Florida legislators reject attempt to clarify state’s regulation of slot machines

TALLAHASSEE -- State gambling regulators are in a bind.

They have indirectly authorized the expansion of gambling in the past six months as lawyers for parimutuels found holes in state laws and opened the door to slot machines at parimutuels across the state and table-game look-alikes at existing racinos.

Now state regulators worry that Florida’s porous gambling laws also might come with a cost: the loss of the $233 million annual check from the Seminole Tribe of Florida under its gambling compact with the state.

Tuesday, lawyers for the Florida Department of Business and Professional Regulation asked the Legislature for help in closing one of the loopholes that, they fear, threatens the compact with the tribe. They were turned away.

The Senate Regulated Industries Committee voted 7-3 to kill a bill that would have given the department the authority to decide what constitutes a slot machine and would have specifically excluded copy-cat games intended to simulate roulette wheels, craps tables, blackjack and other table games at the state’s parimutuels.

After the department imposed new rules on slot machines, a state hearing officer said the department did not have the authority to issue the rule.

The bill, by Sen. Thad Altman, R-Viera, attempted to give the department the authority to issue the rule and target new games that come in “under the ruse of being defined as a slot machine,” Altman said.

“We don’t believe the Legislature ever authorized them,’’ said Tim Nugesser, the department’s lobbyist. “We believe they violate the compact.’’

A legal opinion by the tribe’s lawyers says that a Senate proposal to regulate the slot machine look-alikes will violate the compact, but the tribe is not ready to withhold its checks, said Barry Richard, one of the lawyers. If the tribe stops payment, it would also lose its monopoly right to exclusive operation of its games.

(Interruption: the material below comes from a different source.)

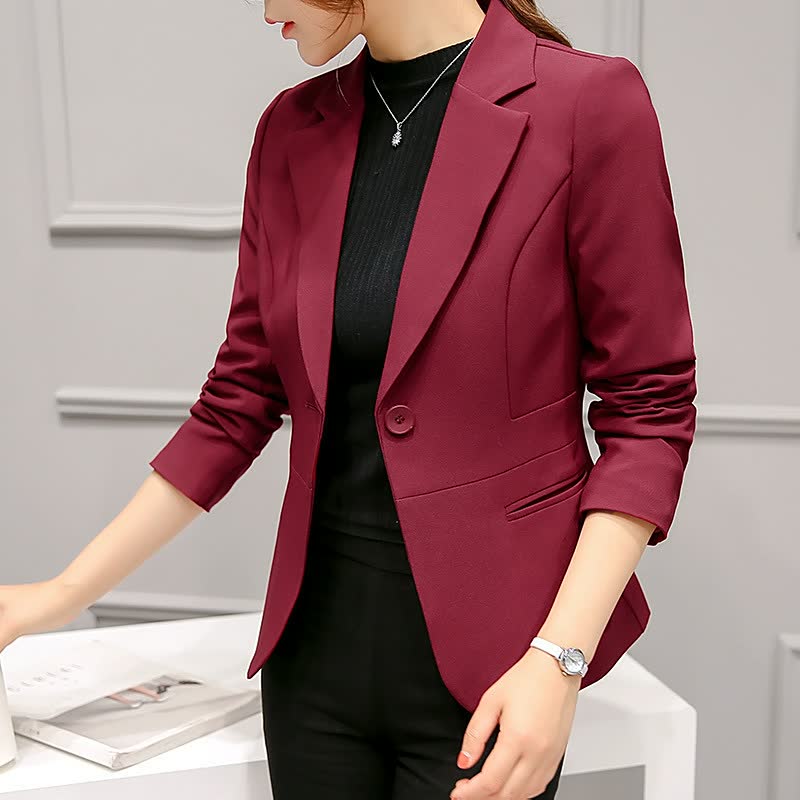 Damen Blazer bordeaux, eleganter Business-Look, einreihig, langärmelig, modisch, Büro-Outfit.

But, Richard added, the tribe believes that at Internet cafes around the state, “these are slot machines.’’

“They are proliferating at a rapid rate.” Richard said. “They are competing with the tribe, and they are illegal.”

Under the 2010 compact signed by the state and the Seminoles, the tribe has the exclusive right to operate slot machines outside of Miami-Dade and Broward counties or it can withhold payments to the state.

But the committee agreed with lawyers for the company that makes the games that they operate like slot machines, even though they look like Las Vegas table games.

Meanwhile, with the House and Senate at odds over how to handle the Internet cafes, and the tribe choosing not to challenge the existing law, few expect much to change this session.